╭─ Source records

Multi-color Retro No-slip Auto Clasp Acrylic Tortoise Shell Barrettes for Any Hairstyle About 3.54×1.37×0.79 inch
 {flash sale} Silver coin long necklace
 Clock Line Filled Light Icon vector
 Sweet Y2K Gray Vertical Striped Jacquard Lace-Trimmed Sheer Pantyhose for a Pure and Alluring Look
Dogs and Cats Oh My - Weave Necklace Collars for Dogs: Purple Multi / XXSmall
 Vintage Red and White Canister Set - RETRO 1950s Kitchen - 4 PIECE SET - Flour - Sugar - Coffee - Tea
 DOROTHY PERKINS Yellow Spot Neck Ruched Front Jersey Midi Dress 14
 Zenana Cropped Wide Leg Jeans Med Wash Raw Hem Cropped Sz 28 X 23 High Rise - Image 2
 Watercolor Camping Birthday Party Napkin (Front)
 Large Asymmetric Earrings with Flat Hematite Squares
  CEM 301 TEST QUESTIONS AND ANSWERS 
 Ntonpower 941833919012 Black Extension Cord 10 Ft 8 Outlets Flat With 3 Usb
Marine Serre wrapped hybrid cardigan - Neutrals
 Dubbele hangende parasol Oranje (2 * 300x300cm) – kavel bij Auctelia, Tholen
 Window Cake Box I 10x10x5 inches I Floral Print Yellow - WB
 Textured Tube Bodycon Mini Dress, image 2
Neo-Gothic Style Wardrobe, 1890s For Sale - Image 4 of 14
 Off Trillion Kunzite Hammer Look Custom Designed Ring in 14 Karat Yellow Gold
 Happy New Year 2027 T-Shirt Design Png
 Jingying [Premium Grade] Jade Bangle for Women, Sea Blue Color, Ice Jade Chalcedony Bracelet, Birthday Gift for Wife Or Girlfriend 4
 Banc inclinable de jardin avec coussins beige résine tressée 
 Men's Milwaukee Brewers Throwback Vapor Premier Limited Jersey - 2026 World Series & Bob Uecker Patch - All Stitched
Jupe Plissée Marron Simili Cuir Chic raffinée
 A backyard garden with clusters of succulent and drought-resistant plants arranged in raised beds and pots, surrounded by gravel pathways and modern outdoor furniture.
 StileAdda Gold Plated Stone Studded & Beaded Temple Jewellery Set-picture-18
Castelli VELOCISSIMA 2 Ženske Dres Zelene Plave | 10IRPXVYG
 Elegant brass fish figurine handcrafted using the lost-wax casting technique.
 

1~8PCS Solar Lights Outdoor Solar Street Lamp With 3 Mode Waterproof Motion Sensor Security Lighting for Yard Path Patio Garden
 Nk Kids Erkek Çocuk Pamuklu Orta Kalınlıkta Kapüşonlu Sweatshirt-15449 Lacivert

╰─

→ Directions for this task
Give the lines of the material above again, exactly, from its first line through the line that contains "Sweet Y2K Gray" and no further.

→ Response to the task
Multi-color Retro No-slip Auto Clasp Acrylic Tortoise Shell Barrettes for Any Hairstyle About 3.54×1.37×0.79 inch
 {flash sale} Silver coin long necklace
 Clock Line Filled Light Icon vector
 Sweet Y2K Gray Vertical Striped Jacquard Lace-Trimmed Sheer Pantyhose for a Pure and Alluring Look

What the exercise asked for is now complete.